▶ _REQUIREMENT_
Please repeat, without alteration, the line containing "Bulbo Dalia decorativa azul violeta 1 ud" and every line that follows it to the end of the entries below, and only those lines.

▶ _INFORMATION GIVEN_

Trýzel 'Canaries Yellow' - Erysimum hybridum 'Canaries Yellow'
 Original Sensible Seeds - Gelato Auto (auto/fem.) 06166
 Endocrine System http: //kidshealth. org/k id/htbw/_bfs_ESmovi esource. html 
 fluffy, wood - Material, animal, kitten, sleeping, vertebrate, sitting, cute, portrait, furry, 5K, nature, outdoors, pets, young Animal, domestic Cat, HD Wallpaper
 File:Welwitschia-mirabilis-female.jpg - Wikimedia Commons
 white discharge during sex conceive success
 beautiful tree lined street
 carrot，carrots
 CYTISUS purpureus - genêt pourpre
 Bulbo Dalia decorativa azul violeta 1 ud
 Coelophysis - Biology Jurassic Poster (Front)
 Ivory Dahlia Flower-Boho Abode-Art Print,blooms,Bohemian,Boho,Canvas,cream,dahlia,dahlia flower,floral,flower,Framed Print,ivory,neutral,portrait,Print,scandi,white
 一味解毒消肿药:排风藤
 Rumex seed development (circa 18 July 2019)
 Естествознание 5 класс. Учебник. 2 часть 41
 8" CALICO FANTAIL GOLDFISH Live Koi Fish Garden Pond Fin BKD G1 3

▶ _SOLUTION TO THIS PROBLEM_
 Bulbo Dalia decorativa azul violeta 1 ud
 Coelophysis - Biology Jurassic Poster (Front)
 Ivory Dahlia Flower-Boho Abode-Art Print,blooms,Bohemian,Boho,Canvas,cream,dahlia,dahlia flower,floral,flower,Framed Print,ivory,neutral,portrait,Print,scandi,white
 一味解毒消肿药:排风藤
 Rumex seed development (circa 18 July 2019)
 Естествознание 5 класс. Учебник. 2 часть 41
 8" CALICO FANTAIL GOLDFISH Live Koi Fish Garden Pond Fin BKD G1 3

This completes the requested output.